Well it’s been almost a year since I’ve blogged. But in that year, nothing has felt more true than the fact that I need and want to write. So, to get ahead of New Year’s Resolutions, I’m making a commitment to post once a week. And with that, here’s part one of my story:
When I first started trying to stop drinking, it was other people’s stories that resonated with me more than anything else. At first, I read these stories in the privacy of my one-bedroom apartment in Nashville. My sister had recommended Carry On, Warrior by Glennon Doyle, and I remember sitting on my floor bawling—I couldn’t turn the pages fast enough. Someone else understood. Someone else had been where I was. And that someone else was now the author of the book that I held between my hands.
I want to share my story because the stories are what saved me. The raw, unfiltered words that told someone else’s story started to lift me out of my brokenness. They infused me with a sense of hope that I had long ago lost, they gave me a possibility that I hadn’t seen before.

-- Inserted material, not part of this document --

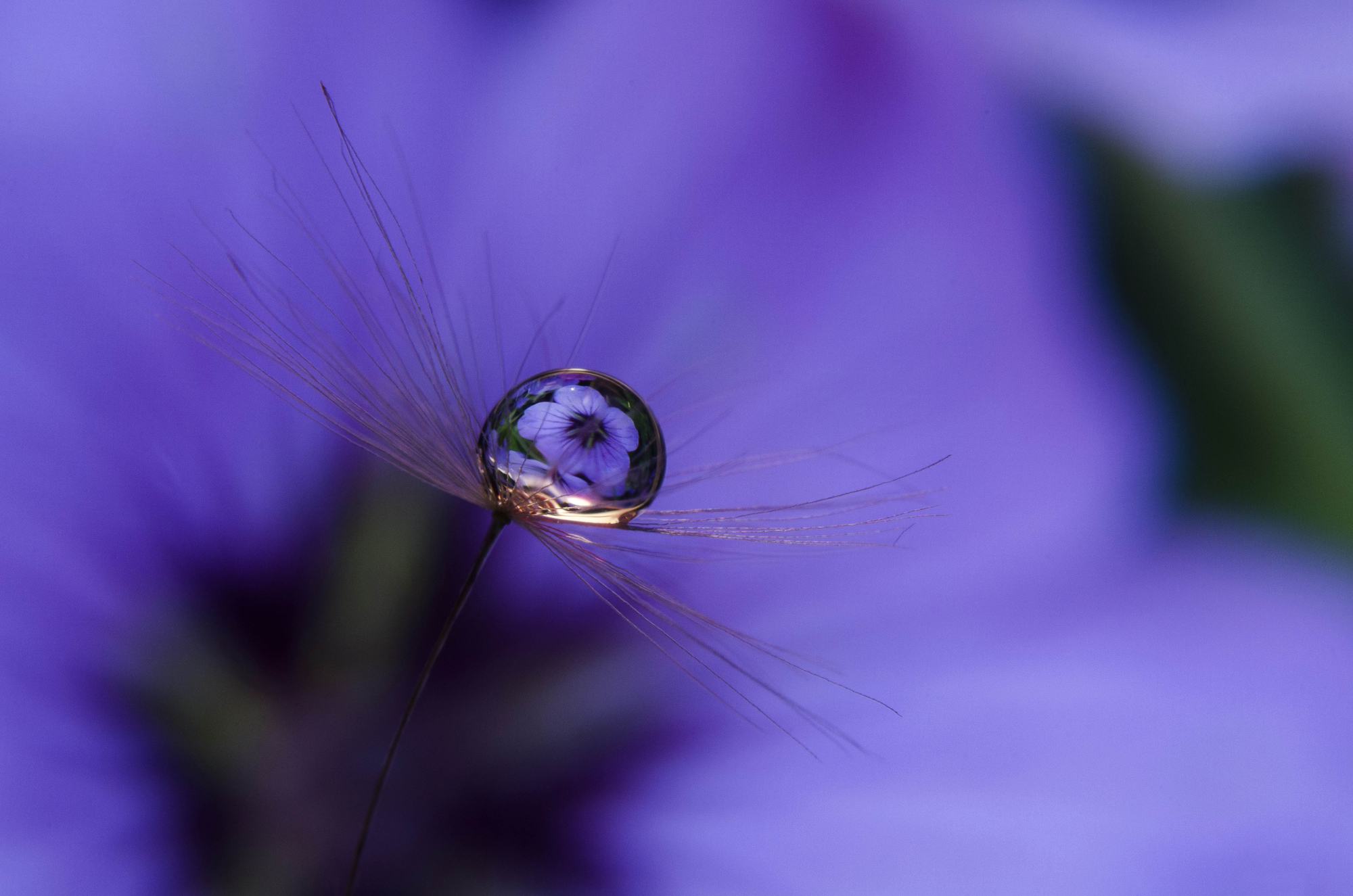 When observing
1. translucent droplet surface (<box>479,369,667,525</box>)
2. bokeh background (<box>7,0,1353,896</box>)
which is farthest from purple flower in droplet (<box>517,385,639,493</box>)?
bokeh background (<box>7,0,1353,896</box>)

If any part of my story can have that same effect on someone else, then the story is worth being told.
Alcohol was never supposed to be my poison. I grew up with parents who rarely drank, no one in my extended family exhibited signs of addiction: I didn’t have an uncle who showed up plastered to Christmas dinner or an aunt who was notorious for slipping vodka into her morning orange juice. These scenarios weren’t even in my imagination; I didn’t know of any friends growing up who struggled with alcoholic parents. “Alcoholism,” or what is more appropriately called alcohol use disorder, was nonexistent. It was something that was supposed to stay in the movies, in the dark alleyways that I couldn’t see from inside my ‘normal’ home.
I was the straight-A student in high-school who was a little bit shy, a little reserved, a little too “good.” I didn’t untuck my shirt or wear skirts that failed the dollar-bill-length test, I handed in all my assignments on time, and I could count on one hand the number of times I tried drinking. For the better part of my freshman year in college, I abstained from alcohol because I just didn’t “get it” and because I thought that staying away from it would help me hang on to the high school boy who also claimed he didn’t drink. I tossed my nose up at parties, opting instead to lie on the floor outside my dorm and talk to that boy for hours on end until he started snoring, thinking this was a sign he was still in love with me.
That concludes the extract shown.